In addition, for a better understanding of the invention, the attached drawings are not drawn to scale and the dimensions of some components may be exaggerated. In addition, the same reference numbers may be assigned to the same components in different embodiments.

A reference to two objects in comparison being the same means that they are substantially the same. Thus, the wording “substantially the same” may include cases where the same is considered to be a low level in the related art, for example, a deviation within 5%. In addition, when any of parameters is referred to as being uniform in a given region, it may mean that the parameter is uniform from an average perspective.

It will be understood that, although the terms “first,” “second,” etc., may be used herein to describe various components, these components should not be limited by these terms.

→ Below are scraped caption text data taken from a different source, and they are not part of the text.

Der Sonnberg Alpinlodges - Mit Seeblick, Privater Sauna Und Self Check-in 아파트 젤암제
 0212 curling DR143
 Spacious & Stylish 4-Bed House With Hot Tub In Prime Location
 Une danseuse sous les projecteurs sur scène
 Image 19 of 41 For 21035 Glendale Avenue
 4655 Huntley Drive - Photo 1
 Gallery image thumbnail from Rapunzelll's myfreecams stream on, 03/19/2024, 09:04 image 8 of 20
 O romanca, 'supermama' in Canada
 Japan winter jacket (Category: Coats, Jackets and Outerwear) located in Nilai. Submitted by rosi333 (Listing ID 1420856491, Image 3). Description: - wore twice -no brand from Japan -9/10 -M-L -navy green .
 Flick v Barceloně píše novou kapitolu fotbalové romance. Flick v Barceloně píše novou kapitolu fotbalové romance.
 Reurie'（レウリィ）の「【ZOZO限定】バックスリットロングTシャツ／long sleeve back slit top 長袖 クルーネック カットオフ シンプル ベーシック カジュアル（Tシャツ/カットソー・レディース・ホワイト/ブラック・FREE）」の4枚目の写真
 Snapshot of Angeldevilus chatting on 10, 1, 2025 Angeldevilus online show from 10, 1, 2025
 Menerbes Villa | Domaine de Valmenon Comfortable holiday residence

These terms are used to distinguish one component from another component. Thus, unless otherwise defined, a first component described below could be termed a second component, without departing from the spirit and scope of the present disclosure.

Throughout the specification, the singular forms are intended to include the plural forms as well, unless the context clearly indicates otherwise.

The arrangement of an arbitrary component on the “upper portion (or lower portion)” or “upper (or lower)” of a component means that an arbitrary component is placed in contact with the upper (or lower) surface of the component. In addition, it may mean that other components may be interposed between the component and any component disposed on (or under) the component.

Also, it will be understood that when an element is referred to as being “coupled to,” “linked to,” or ““connected to” another element, these elements can be directly coupled or connected to each other, another intervening element may be present therebetween, or the respective elements may be coupled, linked, or connected to each other through another elements. In addition, it will be understood that when an element is referred to as being electrically coupled to another element, the element can be directly connected to another element or an intervening element may be present therebetween such that the element and another element are indirectly connected to each other.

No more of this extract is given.